As the project itself has developed, the usefulness and accuracy of the data captured in the original transcript format has been repeatedly reevaluated and modified to meet new needs, leading to a series of standards adoptions and the formulation of additional annotation schemas for more fine-grained analysis of specific aspects of the data. The result is a wealth of information that can be intimidating to the uninitiated. This specification is an attempt to draw a unified and coherent picture of the various levels of annotation for both researchers who have been with the LDP for many years and those interested in leveraging the data collected for new and previously unimagined projects.

1.1. Notation

Transcripts are organized into columns, each column having its own set of possible values and symbols. In order to describe the permitted combinations, we specify a column format. The descriptions of column entry format use a modified BNF grammar notation that uses the following style of definition:

Below we will define a column we’ll call “Jump”:

entry ::=  (null | code) [op (null | code)]*
null  ::=  ""
code  ::=  "hop" | "skip" | "leap" | "vault"
op    ::=  "+" | "-"

According to the rules, which we will explain in a moment, one possible entry in “Jump” is hop + skip - + leap. Why is that? Knowing how to read a column format helps answer that question.

A definition is made up of one or more rules. Each rule has a name, a ::=, and a description. The first rule of the definition describes the make-up of an entry in the column, and each additional rule describes a sub-part of the first one. As you read across the first rule’s description, just replace each name with its corresponding description, i.e. replace null with "", op with "+" | "-", etc. If the description of a name has other names in it, you can replace those with their definitions and so on until all you have is a description of entry with no names in it at all.

Each symbol in the descriptions has its own meaning in this notation. Quotation marks set aside literal strings and white spaces serve to do nothing other than separate the tokens.

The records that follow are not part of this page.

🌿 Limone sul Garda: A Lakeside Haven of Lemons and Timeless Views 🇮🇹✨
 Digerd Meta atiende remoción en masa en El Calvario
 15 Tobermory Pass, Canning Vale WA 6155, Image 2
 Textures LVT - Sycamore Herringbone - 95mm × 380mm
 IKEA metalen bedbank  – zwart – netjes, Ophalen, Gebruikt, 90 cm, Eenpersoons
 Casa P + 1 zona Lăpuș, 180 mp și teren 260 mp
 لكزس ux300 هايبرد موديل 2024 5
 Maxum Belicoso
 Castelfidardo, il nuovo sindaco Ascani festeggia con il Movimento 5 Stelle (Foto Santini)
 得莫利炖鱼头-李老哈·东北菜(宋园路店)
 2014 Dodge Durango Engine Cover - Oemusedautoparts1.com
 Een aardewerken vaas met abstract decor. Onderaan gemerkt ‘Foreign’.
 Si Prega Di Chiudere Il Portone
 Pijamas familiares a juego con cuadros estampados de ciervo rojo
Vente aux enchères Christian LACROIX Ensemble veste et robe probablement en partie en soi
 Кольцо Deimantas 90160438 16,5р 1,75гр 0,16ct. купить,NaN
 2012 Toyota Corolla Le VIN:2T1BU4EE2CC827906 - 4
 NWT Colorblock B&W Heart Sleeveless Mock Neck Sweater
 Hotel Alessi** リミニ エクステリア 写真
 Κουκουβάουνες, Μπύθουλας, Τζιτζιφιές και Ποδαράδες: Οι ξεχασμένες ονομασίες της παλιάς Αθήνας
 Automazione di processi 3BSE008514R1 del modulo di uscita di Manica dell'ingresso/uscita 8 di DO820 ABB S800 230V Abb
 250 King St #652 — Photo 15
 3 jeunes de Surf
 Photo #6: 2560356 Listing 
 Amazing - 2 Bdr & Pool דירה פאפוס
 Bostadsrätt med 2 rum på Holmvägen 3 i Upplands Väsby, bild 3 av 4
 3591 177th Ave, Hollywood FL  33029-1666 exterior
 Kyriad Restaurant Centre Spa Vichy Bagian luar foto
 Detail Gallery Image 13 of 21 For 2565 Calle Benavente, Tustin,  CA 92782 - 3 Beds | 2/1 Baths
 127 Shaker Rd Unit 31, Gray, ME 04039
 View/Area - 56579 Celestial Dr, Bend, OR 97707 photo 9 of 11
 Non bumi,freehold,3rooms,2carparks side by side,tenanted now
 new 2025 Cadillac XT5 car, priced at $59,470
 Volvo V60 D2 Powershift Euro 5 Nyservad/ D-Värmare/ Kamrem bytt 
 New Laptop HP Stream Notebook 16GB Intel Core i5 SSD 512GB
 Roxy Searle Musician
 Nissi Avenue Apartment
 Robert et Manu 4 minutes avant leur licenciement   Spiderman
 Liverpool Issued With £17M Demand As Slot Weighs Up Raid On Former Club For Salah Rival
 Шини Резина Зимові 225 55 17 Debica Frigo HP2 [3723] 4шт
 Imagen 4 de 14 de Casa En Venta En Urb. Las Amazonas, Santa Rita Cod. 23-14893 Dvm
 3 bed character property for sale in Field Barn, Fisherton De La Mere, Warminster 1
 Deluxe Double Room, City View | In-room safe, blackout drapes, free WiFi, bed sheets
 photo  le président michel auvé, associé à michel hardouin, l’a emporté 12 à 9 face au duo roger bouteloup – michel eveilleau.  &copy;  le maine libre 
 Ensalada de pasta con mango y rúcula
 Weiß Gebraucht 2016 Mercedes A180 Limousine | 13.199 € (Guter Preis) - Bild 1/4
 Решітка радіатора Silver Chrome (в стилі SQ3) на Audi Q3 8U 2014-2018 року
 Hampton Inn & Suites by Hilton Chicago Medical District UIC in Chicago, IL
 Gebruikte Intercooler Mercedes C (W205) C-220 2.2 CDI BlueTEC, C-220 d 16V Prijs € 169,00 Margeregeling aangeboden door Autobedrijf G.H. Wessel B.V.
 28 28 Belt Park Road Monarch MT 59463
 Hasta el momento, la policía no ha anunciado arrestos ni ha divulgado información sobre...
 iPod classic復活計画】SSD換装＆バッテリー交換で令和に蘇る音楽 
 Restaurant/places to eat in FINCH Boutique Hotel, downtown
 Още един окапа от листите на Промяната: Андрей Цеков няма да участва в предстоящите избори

A vertical bar (|) is used to separate alternatives and parentheses are used for grouping, so (null | code), which expands to ("" | "hop" | "skip" | "leap" | "vault"), means you can have an empty string or any one of the words hop, skip, leap, or vault as the first thing in an entry. In our example, hop is the first element of our entry, which satisfies this rule.

Square brackets ([]) set aside optional arguments, so the next part, [op (null | code)], means you can optionally follow the first null or code in the entry with an op followed by another null or code. After hop, we see + skip. + is an op and skip is one of the permitted codes. So far so good.

A star (*) indicates one or more repetitions of the unit immediately preceding it. In this case, the arguments in the square brackets precede it, meaning that we can continue to add as many op and null or code pairs as we like. The remainder of our example, - + leap, is an op, a null, another op, and one of our available codes. The example, therefore, satisfies the grammar as laid out in the definition above.

Angle brackets (<>) surround an informal description or comment. While there are none of these in the definition provided, they will generally be used when, for example, the list of possible codes is not exhaustive and but we still want to convey a sense of what is allowed.

For the sake of completeness, here is an invalid entry in “Jump”: hop + skip vault - flip. This fails on two counts. For one, there is no op between skip and vault. Second, flip is not one of the values listed in the definition of code.